Los viejos códigos de acceso de Troy no funcionaban. Probó otros, sus antiguas contraseñas para los cajeros automáticos, con idéntico resultado. Permaneció allí sentado pensando, sin atreverse a intentarlo más por si se equivocaba demasiadas veces. Tenía la sensación de que sus códigos funcionaban aún el día antes. Pero habían sucedido muchas cosas entretanto. Habían pasado muchos turnos. Y alguien había intercambiado sus identidades.

Todo apuntaba a Erskine, el viejo inglés que se había quedado atrás para coordinar los turnos. Erskine le había cogido simpatía. Pero ¿qué sentido tenía? ¿Qué esperaba que hiciese Donald?

Durante un momento fugaz, consideró la posibilidad de ponerse en pie, salir al pasillo y decir «No soy Turman, el Pastor, ni Troy. Me llamo Donald y no tendría que estar aquí».

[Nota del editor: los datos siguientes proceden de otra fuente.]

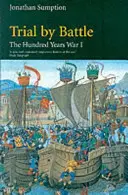 Războiul de o sută de ani Vol 1 - Încercare prin luptă - Hundred Years War Vol 1 - Trial by Battle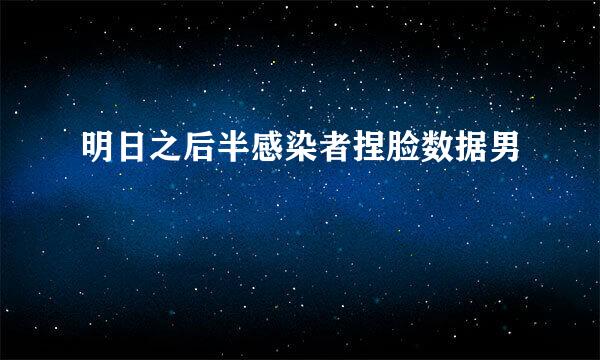 明日之后半感染者捏脸数据男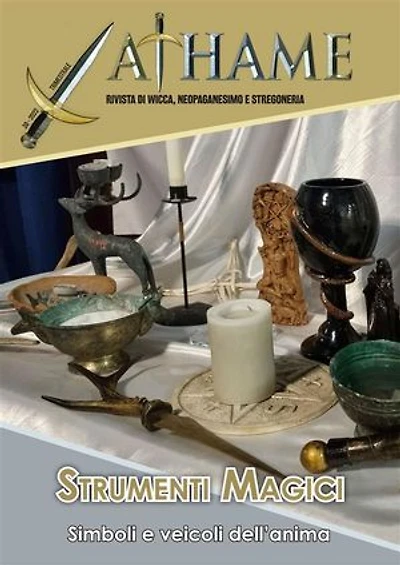 Strumenti Magici: Athame n.39 - Rivista di Wicca, Neopaganesimo e Stregoneria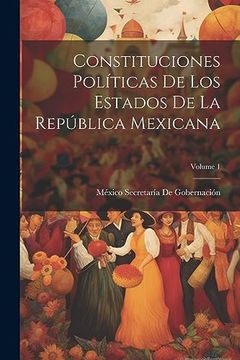 portada Constituciones Políticas de los Estados de la República Mexicana; Volume 1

Tendría que decirles la verdad. Tendría que acometerlos con ella, por muy absurda que le pareciese a todos. «¡Me llamo Donald!» sintió deseos de gritar, como había hecho en su día aquel anciano, Hal. Lo atarían a una camilla a la altura de los tobillos y lo devolverían al glorioso sueño. O puede que lo enviaran fuera, a las colinas. O que lo enterrasen, como habían hecho con su esposa. Pero gritaría y gritaría hasta que él mismo acabase creyendo que era quien decía ser.

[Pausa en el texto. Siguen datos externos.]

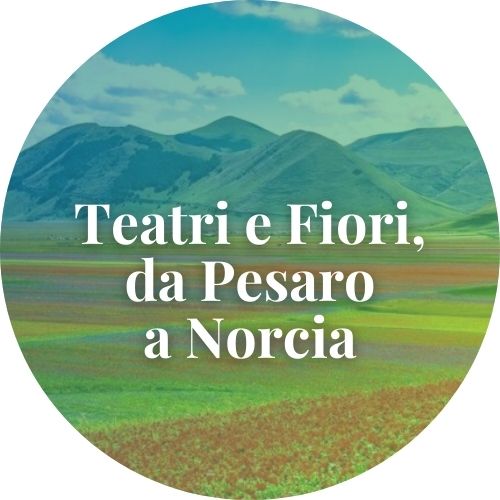 Viaggiando tra Teatri e Fiori, da Pesaro a Norcia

En cambio, lo que hizo fue probar con el nombre de Erskine y su propia contraseña. Otra alerta en rojo le informó de que los datos no eran correctos, y el deseo de desenmascararse a sí mismo pasó tan de prisa como había llegado.

Estudió el monitor. No parecía haber un número limitado de intentos fallidos, pero ¿cuánto tiempo le quedaba hasta que volviese Eren? ¿De cuánto tiempo disponía antes de tener que explicar que no había podido iniciar la sesión? Quizá pudiese cruzar el pasillo, interrumpir la partida de solitario del jefe del silo y pedirle que le facilitara su clave. Podía atribuir su olvido al aturdimiento provocado por su reciente despertar. Esa excusa había funcionado hasta entonces. Se preguntó durante cuánto tiempo podría seguir aferrándose a ella.

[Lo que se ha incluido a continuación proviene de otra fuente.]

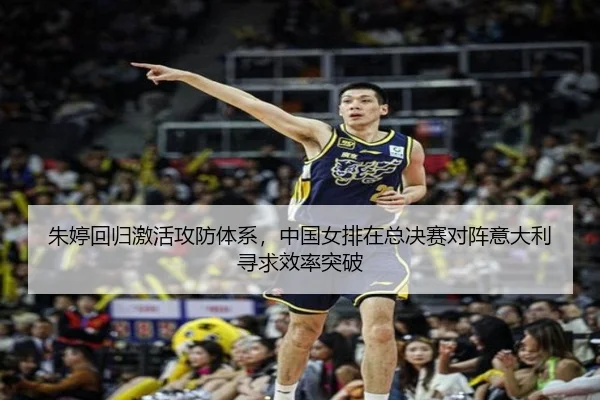 朱婷回归激活攻防体系，中国女排在总决赛对阵意大利寻求效率突破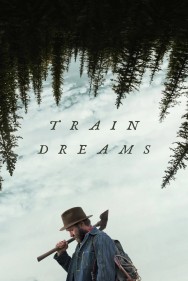 Watch Train Dreams movies free on MoviesJoy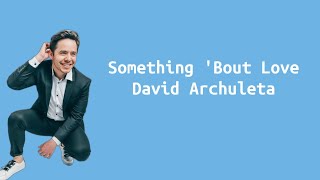 Something Bout Love - David Archuleta | Lirik Terjemahan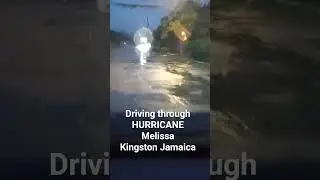Driving through HURRICANE Melissa ! KINGSTON JAMAICA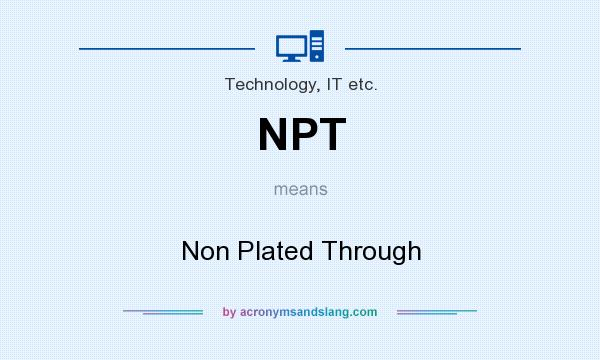 What does NPT mean? It stands for Non Plated Through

Casi sin pensar, probó el nombre de Turman y su propia contraseña, 2156.

La pantalla de entrada desapareció, reemplazada por el menú principal. La sensación de que era la persona equivocada se intensificó. Movió los dedos de los pies. El espacio extra de que disponía dentro de aquellas botas grandes le proporcionaba consuelo. En la pantalla apareció un sobre parpadeante que ya conocía. Turman tenía mensajes.

Pulsó el icono y bajó hasta el mensaje sin leer más antiguo, en busca de cualquier cosa que le sirviera para explicar cómo había llegado hasta allí o cualquier información procedente del último turno de Turman. Las fechas iban de más a menos por siglos; era aterrador verlas pasar así. Informes de población. Mensajes automatizados. Respuestas y reenvíos. Vio un mensaje de Erskine, pero no era más que una nota sobre el desbordamiento del número de individuos en sueño profundo en uno de los pisos inferiores de las cámaras criogénicas. Los cuerpos inútiles se estaban amontonando, al parecer. Otro mensaje, más abajo, estaba marcado como importante. El nombre de Victor figuraba en la columna del destinatario, lo que captó la atención de Donald. Debía de ser de antes del segundo turno de Donald. Victor ya estaba muerto la última vez que lo despertaron. Abrió el mensaje.

Mi querido amigo:

Estoy seguro de que cuestionarás lo que estoy a punto de hacer, que lo verás como una violación de nuestro pacto, pero yo lo veo más bien como una reestructuración del calendario. Han aparecido nuevos hechos que nos obligan a acelerar un poco las cosas. Al menos en mi caso. A ti ya te llegará el momento.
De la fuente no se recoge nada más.